À Wellington, où se concentre une grande partie de l’agitation équestre aux États-Unis, toute la ville vit au rythme des chevaux. Exit les trottoirs, remplacés par des allées cavalières et hello les feux rouges réservés aux équitants. Chaque année, les propriétés, plus belles les unes que les autres, se remplissent pour préparer la saison. Du mardi au dimanche sans exception, les diverses pistes de Wellington International tournent à plein régime, tant pour les jeunes pousses que les cavaliers chevronnés, à l’image des nombreux Européens posant leurs valises en Floride pour l’hiver, que pour le commerce, florissant de l’autre côté de l’océan. Ensuite, et en raison du climat, les allées se vident. Mais, en se lançant dans cette nouvelle aventure, Tony Cadet s’est surtout plongé dans une toute nouvelle culture, différente de celle qui règne en France.

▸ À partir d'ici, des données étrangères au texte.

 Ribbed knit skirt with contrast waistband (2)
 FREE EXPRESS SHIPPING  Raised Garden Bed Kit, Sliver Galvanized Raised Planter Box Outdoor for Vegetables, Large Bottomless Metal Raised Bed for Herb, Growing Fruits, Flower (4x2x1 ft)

“En tant que cavalier, que professionnel aux États-Unis, si nous faisons bien notre métier, nous gagnons bien notre vie. En France, les propriétaires ont tendance à penser qu’il est normal que nos revenus soient moyens, car nous exerçons un métier passion, à l’inverse des Etats Unis où la compétence est reconnue. Nous n’avons pas la même vision des choses. Mes propriétaires sont contents que je remporte des épreuves et que je mette leur écurie en avant, donc ils sont aussi contents que je gagne correctement ma vie”, constate Tony Cadet, qui souligne que les prix des prestations sont davantage élevés outre-Atlantique.

“Il y a également une différence chez les cavaliers amateurs. Ils ne sont pas dans les chevaux pour gagner de l’argent. En France, beaucoup de personnes souhaitent acheter des jeunes chevaux en se disant qu’ils les revendront plus cher plus tard. En Amérique, ils sont conscients qu’ils vont dépenser de l’argent pour leur loisir. Un amateur monte un cheval de douze ou quinze ans, qu’il achète clefs en main, avec de la sécurité. La qualité des montures dans les épreuves U25, par exemple, est remarquable. On ne voit jamais de mauvais parcours ; les jeunes sont encadrés avec les meilleurs coaches possibles et ont une vraie qualité d’équitation. Sur les épreuves 50, 60, 80cm ou 1m, il n’y a pas une mauvaise distance, pas une georgette, pas un taxi. En revenant en France, on peut voir des cavaliers évolués sur 1,10m mais qui devraient sauter 80cm. Aux Etats Unis, ils n’hésitent pas à acheter un cheval d’1,30m pour faire des épreuves à 1m et augmenter en niveau progressivement. La plus grande différence est là : en France, on essaye souvent d’évoluer sur 1,50m avec un cheval fait pour sauter 1,40m. Aux États-Unis, la réflexion fonctionne dans l’autre sens.” Une chose est sûre, Tony Cadet semble épanoui et plus prêt que jamais à relever ce nouveau défi passionnant.